Overwriting /root/test-job-major-clf-3-p-ka9k3eqqic4g/sagemaker-test-job-major-clf-3-p-ka9k3eqqic4g-modelbuild/setup.py


Now it's time to run our pipeline. The default CI/CD pipeline implemented will run everytime a change is introduced in our repository. We can, for example commit all the latest changes and push to the remote repository. 

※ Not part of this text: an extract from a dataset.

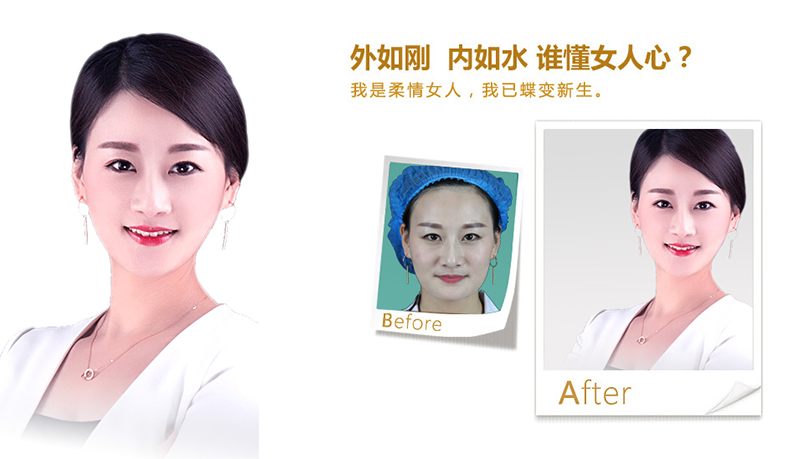 湘潭V脸、线雕隆鼻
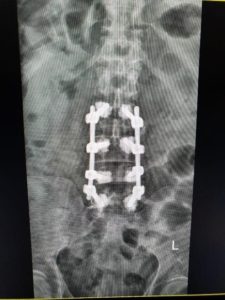 An x-ray of eight titanium screws was inserted above and below the fractured vertebra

For this, in Sagemaker Studio open a new Terminal (File/New/Terminal). Inside the terminal, change your working directory to that of the MLOps project (make sure to put your own default project directory here):

```bash
cd test-job-major-clf-3-p-ka9k3eqqic4g/sagemaker-test-job-major-clf-3-p-ka9k3eqqic4g-modelbuild

```
Finally, add all changes to a new commit and push to the remote CodeCommit repository:

```bash
git add -A; git commit -m 'Ready to Run'; git push
```

To follow the execution of the pipeline, you can Open the Deployments/Projects window (search for it in the Home Panel on the left side of Sagemaker studio) and open the job-major-clf project. All the information and resources related to this project can be inspected here. In particular the running pipeline diagram will be found in the Pipeline tab. Here, select the pipeline name and open the last running execution. After completed execution, the following diagram will show each of the steps completed:

![alt text](Diagram.png "Title")

A successful completion of all the steps finishes with the trained model being stored in the Model Registry (Home/Models/Model registry in Sagemaker Studio), from where it can be compared against other model instances and further deployed into a serving solution like Sagemaker Endpoints.